# Stored records

((

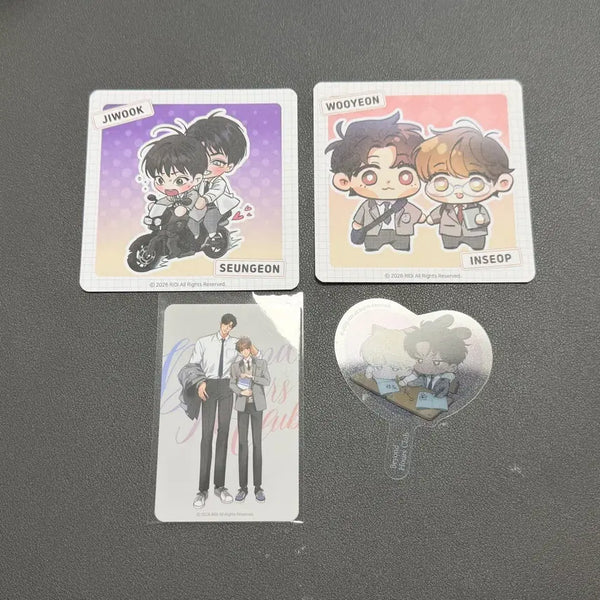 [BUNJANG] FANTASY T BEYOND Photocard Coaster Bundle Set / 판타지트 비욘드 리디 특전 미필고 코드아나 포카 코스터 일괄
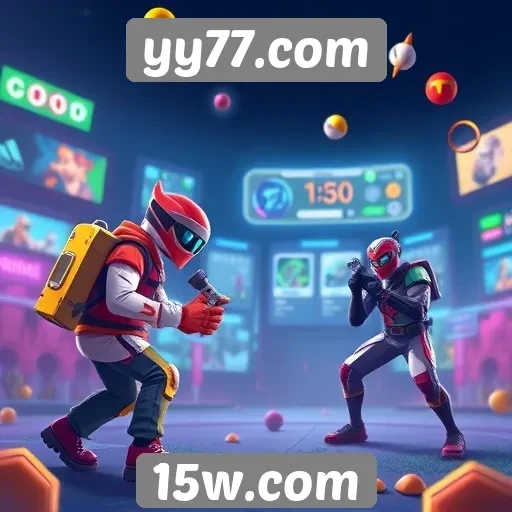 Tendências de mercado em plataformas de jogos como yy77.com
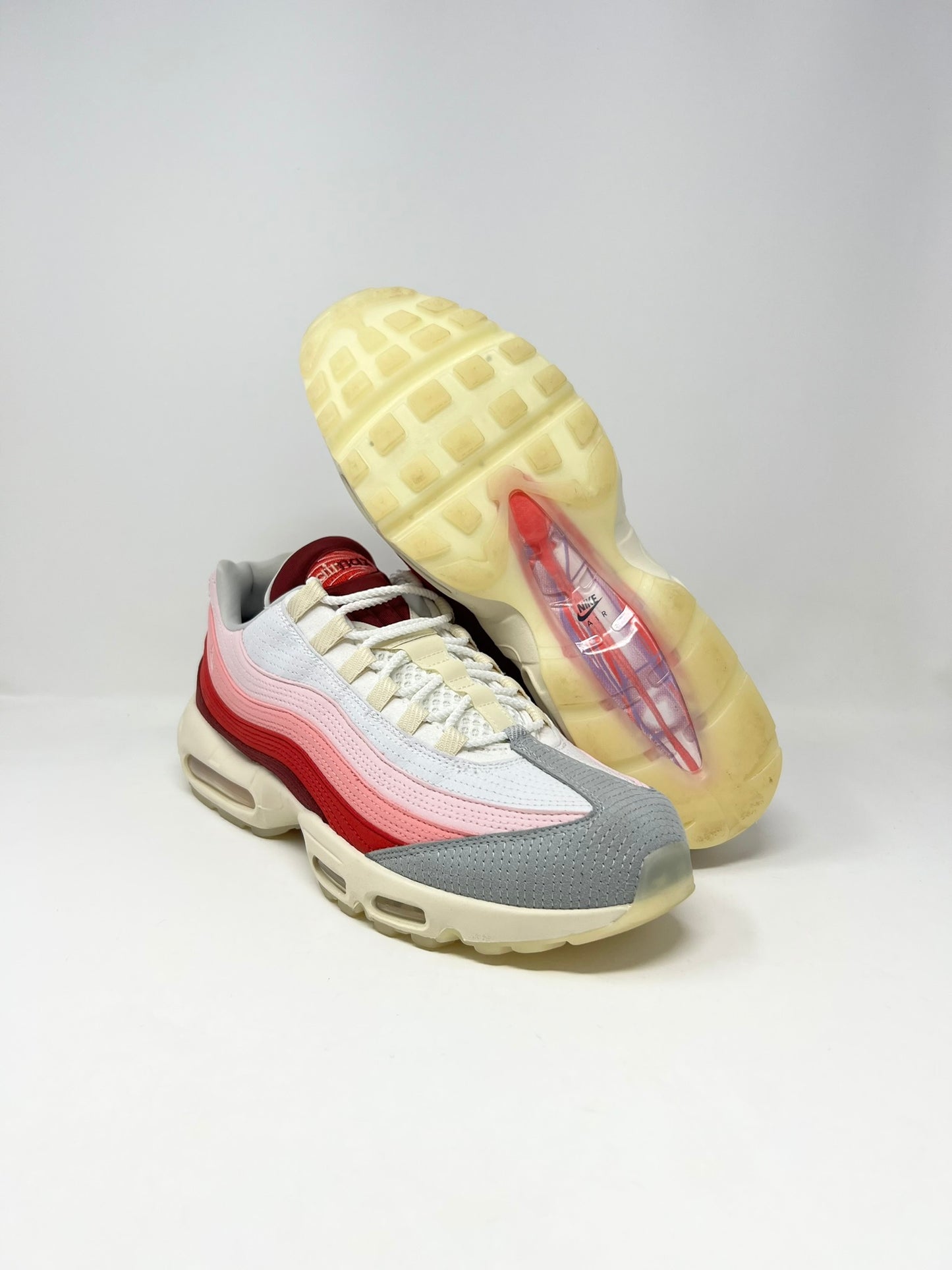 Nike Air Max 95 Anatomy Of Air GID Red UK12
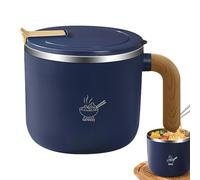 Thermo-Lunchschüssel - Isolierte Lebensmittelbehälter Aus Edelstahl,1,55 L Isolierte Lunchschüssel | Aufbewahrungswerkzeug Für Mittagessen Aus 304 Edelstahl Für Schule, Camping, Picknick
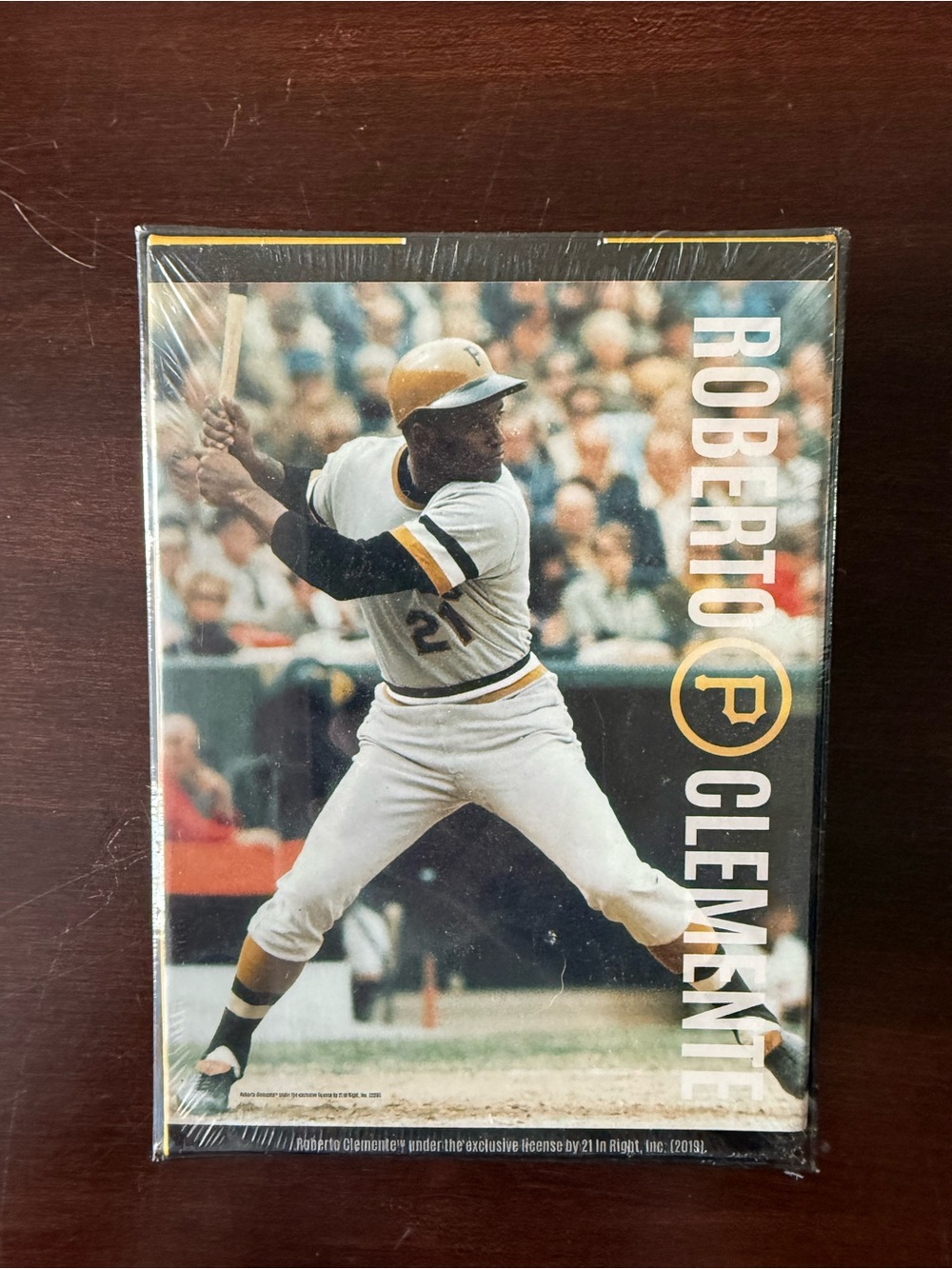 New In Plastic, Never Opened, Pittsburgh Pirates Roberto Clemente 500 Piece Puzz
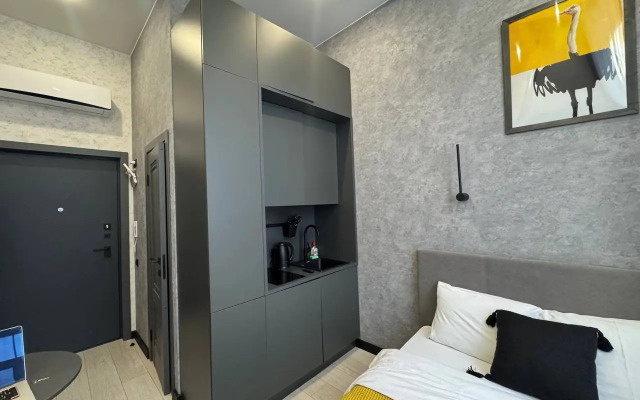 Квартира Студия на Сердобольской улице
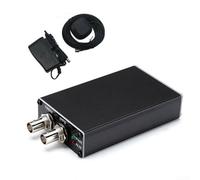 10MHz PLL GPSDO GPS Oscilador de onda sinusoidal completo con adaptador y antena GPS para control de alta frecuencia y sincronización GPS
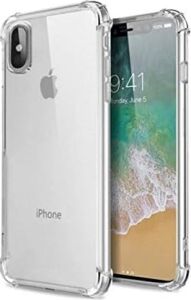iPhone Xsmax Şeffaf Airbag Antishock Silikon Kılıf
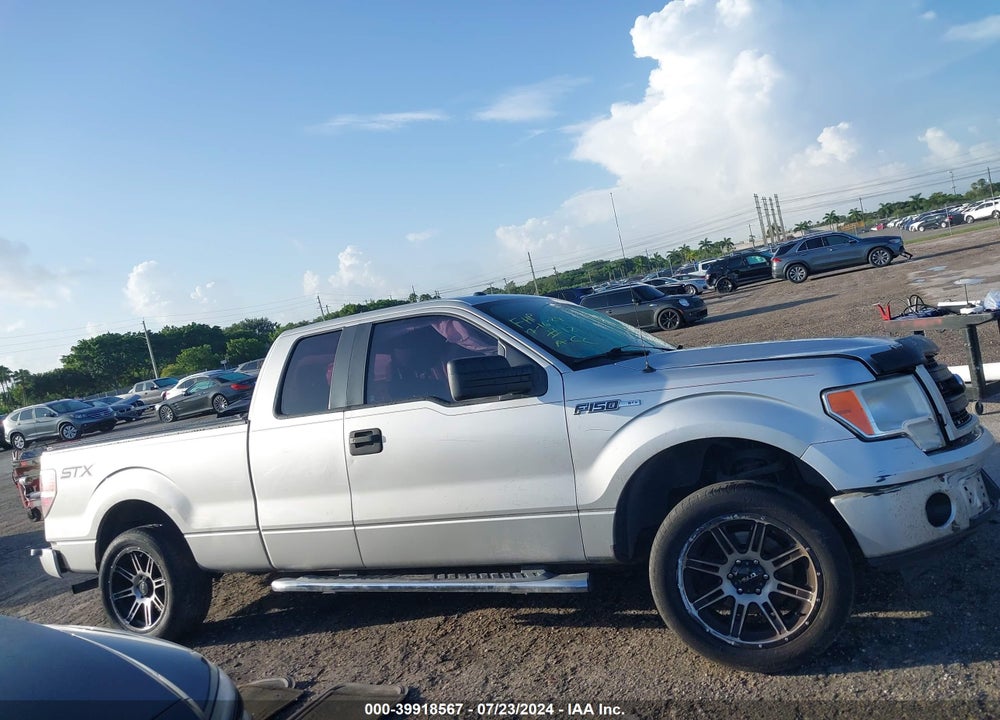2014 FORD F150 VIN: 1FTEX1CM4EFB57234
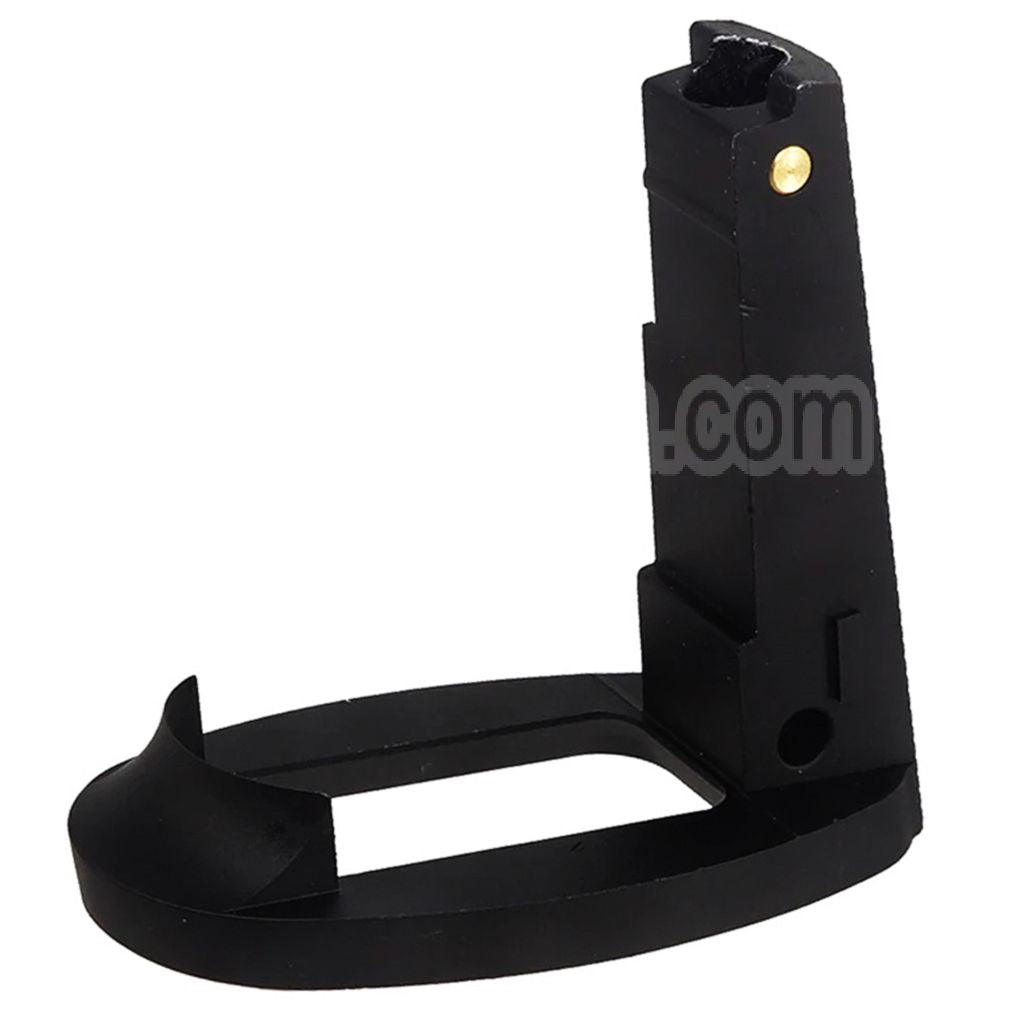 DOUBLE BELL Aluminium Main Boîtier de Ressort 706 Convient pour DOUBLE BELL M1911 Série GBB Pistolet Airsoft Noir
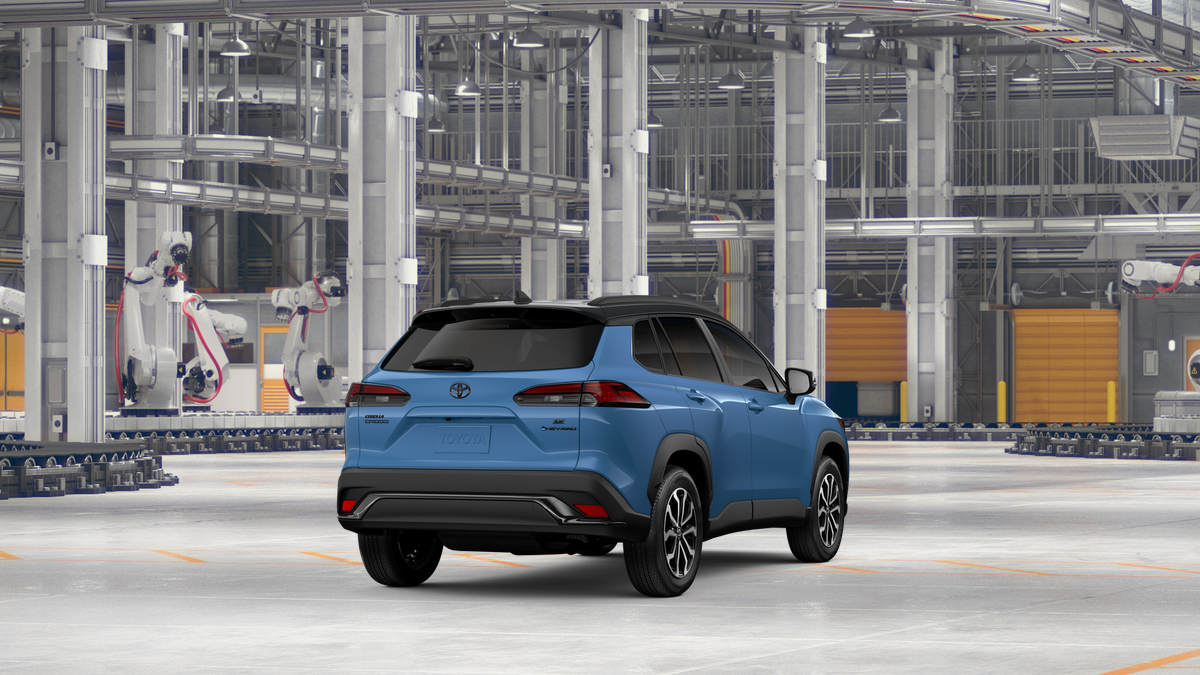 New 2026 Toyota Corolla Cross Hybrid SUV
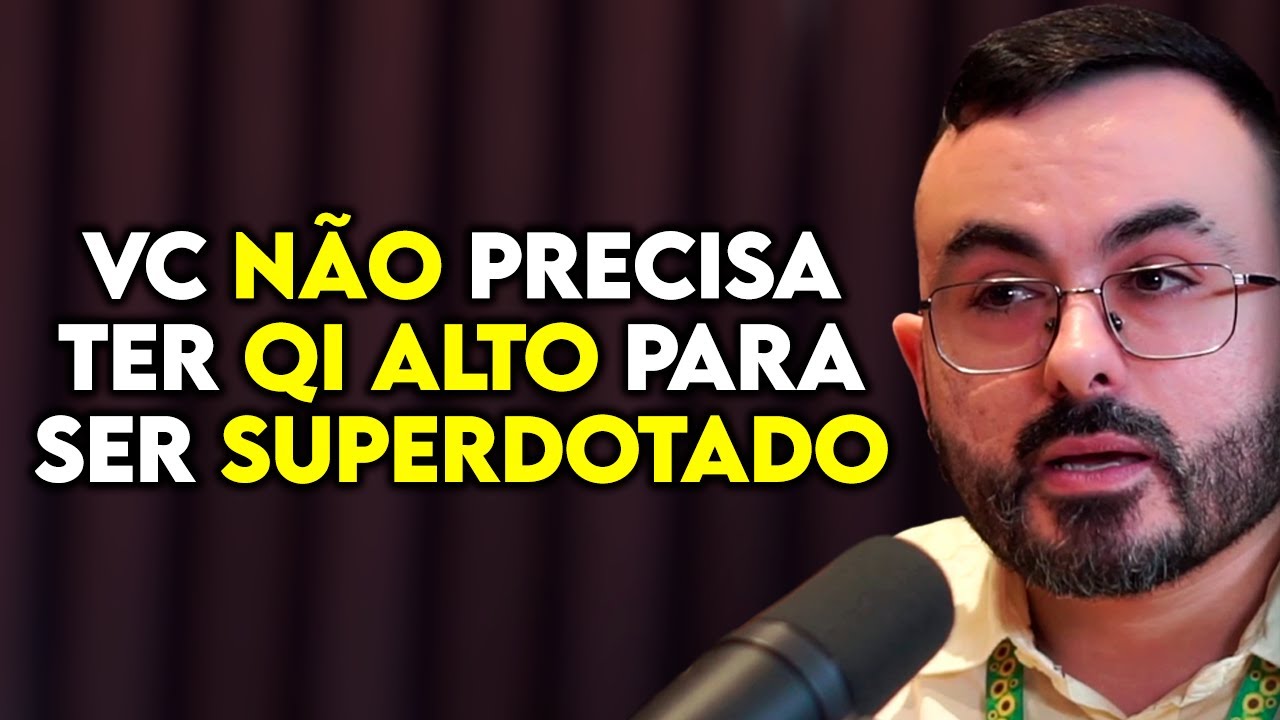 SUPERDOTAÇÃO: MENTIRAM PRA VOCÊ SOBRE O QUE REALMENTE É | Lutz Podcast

))

# REQUIREMENT
Please print the entries exactly as they stand. Images are not part of the copy.

# EXERCISE OUTPUT
 [BUNJANG] FANTASY T BEYOND Photocard Coaster Bundle Set / 판타지트 비욘드 리디 특전 미필고 코드아나 포카 코스터 일괄
 Tendências de mercado em plataformas de jogos como yy77.com
 Nike Air Max 95 Anatomy Of Air GID Red UK12
 Thermo-Lunchschüssel - Isolierte Lebensmittelbehälter Aus Edelstahl,1,55 L Isolierte Lunchschüssel | Aufbewahrungswerkzeug Für Mittagessen Aus 304 Edelstahl Für Schule, Camping, Picknick
 New In Plastic, Never Opened, Pittsburgh Pirates Roberto Clemente 500 Piece Puzz
 Квартира Студия на Сердобольской улице
 10MHz PLL GPSDO GPS Oscilador de onda sinusoidal completo con adaptador y antena GPS para control de alta frecuencia y sincronización GPS
iPhone Xsmax Şeffaf Airbag Antishock Silikon Kılıf
2014 FORD F150 VIN: 1FTEX1CM4EFB57234
 DOUBLE BELL Aluminium Main Boîtier de Ressort 706 Convient pour DOUBLE BELL M1911 Série GBB Pistolet Airsoft Noir
 New 2026 Toyota Corolla Cross Hybrid SUV
 SUPERDOTAÇÃO: MENTIRAM PRA VOCÊ SOBRE O QUE REALMENTE É | Lutz Podcast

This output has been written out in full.